## Your assignment
Pictures are not part of the answer. Return the lines from the one containing "Lady in Pink-dress, Maurice Denis T-shirt" through the end of the data, both included, exactly as they appear.

[Opening Given information section]

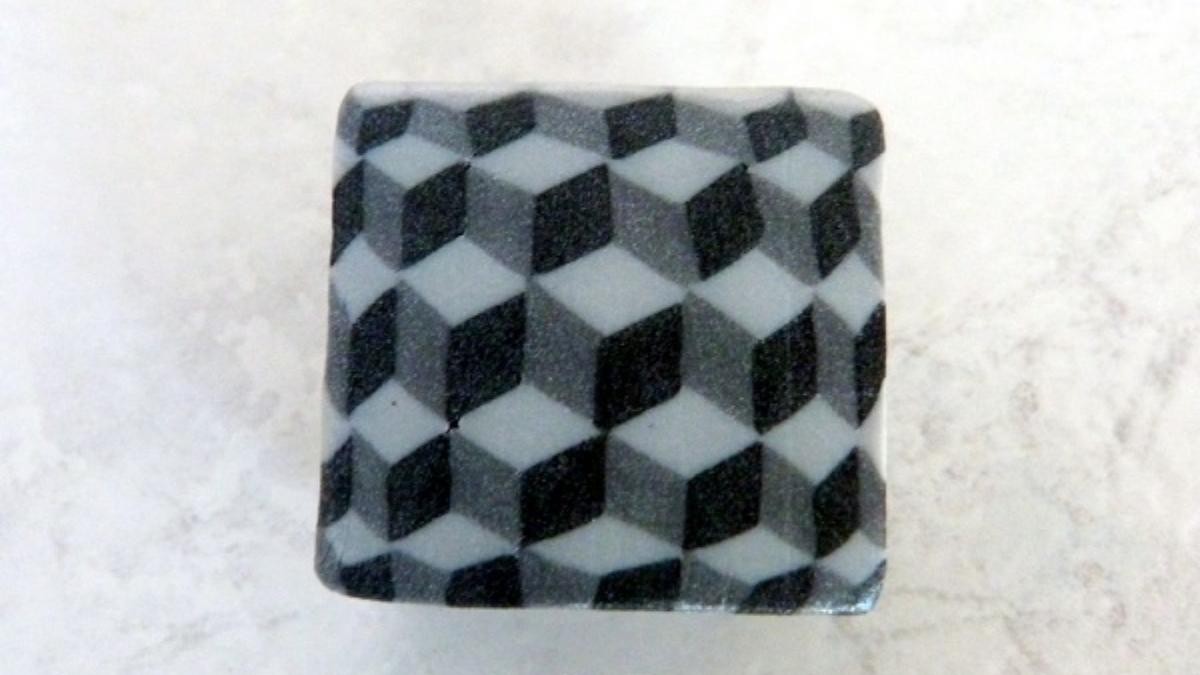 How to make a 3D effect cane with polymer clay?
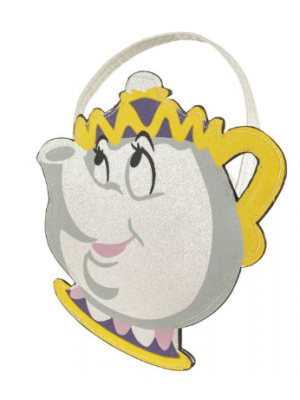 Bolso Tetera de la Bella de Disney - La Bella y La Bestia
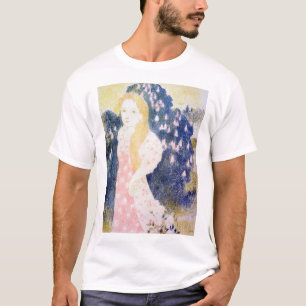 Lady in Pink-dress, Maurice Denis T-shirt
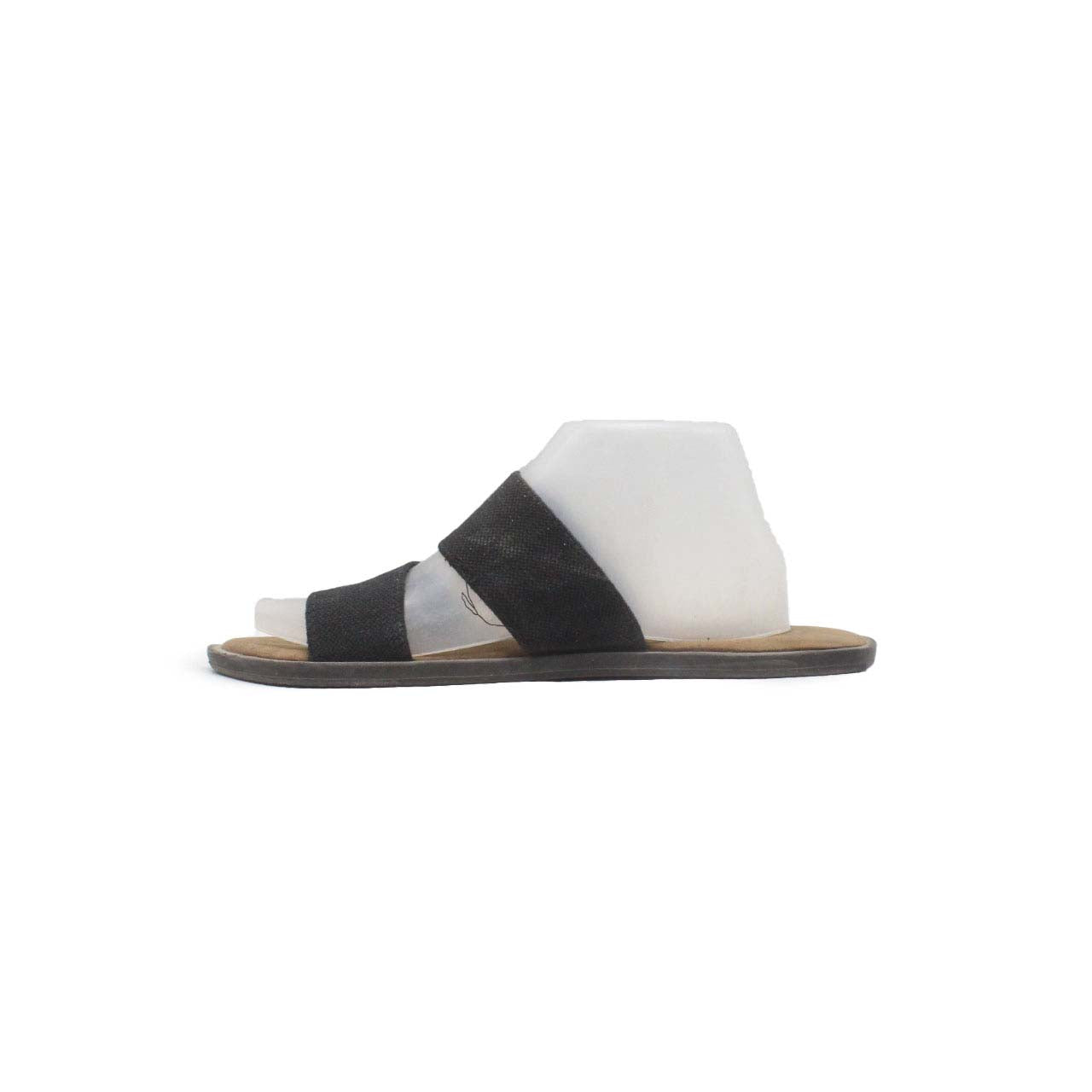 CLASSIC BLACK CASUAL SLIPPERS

[Closing Given information section]

## Task solution
 Lady in Pink-dress, Maurice Denis T-shirt
 CLASSIC BLACK CASUAL SLIPPERS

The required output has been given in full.